Among the entries below, one line contains "Badmat Bodi - Natural" and another contains "Stay Wild Servet (Hoek)". Transcribe those two lines and every line between them, exactly.

Records from a dataset:
▬▬▬▬▬▬▬▬▬▬
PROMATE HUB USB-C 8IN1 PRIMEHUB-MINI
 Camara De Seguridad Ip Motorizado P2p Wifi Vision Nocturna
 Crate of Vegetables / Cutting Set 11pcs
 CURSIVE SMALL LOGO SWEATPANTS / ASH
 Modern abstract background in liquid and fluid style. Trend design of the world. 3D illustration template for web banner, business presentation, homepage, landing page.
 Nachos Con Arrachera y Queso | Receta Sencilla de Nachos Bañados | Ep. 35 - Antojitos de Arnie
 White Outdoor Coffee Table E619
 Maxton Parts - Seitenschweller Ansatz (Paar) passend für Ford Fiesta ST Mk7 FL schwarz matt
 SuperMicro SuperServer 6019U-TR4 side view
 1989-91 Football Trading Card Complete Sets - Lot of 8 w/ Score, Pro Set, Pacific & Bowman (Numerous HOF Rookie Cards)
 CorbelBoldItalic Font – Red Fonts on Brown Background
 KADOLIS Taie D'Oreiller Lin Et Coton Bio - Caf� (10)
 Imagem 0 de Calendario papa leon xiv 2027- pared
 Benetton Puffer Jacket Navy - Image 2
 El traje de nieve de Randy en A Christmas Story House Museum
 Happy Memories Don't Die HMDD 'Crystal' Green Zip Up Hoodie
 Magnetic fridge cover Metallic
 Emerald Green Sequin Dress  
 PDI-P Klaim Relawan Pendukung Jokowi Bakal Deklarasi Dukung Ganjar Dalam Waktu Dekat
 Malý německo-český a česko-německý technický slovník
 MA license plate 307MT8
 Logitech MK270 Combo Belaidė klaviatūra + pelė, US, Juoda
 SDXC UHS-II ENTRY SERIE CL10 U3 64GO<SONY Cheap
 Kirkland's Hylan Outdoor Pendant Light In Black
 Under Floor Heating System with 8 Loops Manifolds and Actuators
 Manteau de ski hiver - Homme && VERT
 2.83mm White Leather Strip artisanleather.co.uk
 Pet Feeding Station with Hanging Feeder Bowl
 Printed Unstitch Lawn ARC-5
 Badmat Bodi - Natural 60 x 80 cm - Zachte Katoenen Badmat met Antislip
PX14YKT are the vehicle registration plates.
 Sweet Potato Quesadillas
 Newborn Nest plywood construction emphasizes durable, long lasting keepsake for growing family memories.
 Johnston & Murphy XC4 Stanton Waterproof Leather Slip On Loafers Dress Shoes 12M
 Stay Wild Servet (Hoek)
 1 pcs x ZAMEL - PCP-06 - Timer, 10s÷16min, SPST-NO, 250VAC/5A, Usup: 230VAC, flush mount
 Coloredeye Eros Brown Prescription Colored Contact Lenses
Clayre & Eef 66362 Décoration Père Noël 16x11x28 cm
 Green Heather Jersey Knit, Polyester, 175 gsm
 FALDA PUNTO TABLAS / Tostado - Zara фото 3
▬▬▬▬▬▬▬▬▬▬
RESPONSE TO THIS TASK>
 Badmat Bodi - Natural 60 x 80 cm - Zachte Katoenen Badmat met Antislip
PX14YKT are the vehicle registration plates.
 Sweet Potato Quesadillas
 Newborn Nest plywood construction emphasizes durable, long lasting keepsake for growing family memories.
 Johnston & Murphy XC4 Stanton Waterproof Leather Slip On Loafers Dress Shoes 12M
 Stay Wild Servet (Hoek)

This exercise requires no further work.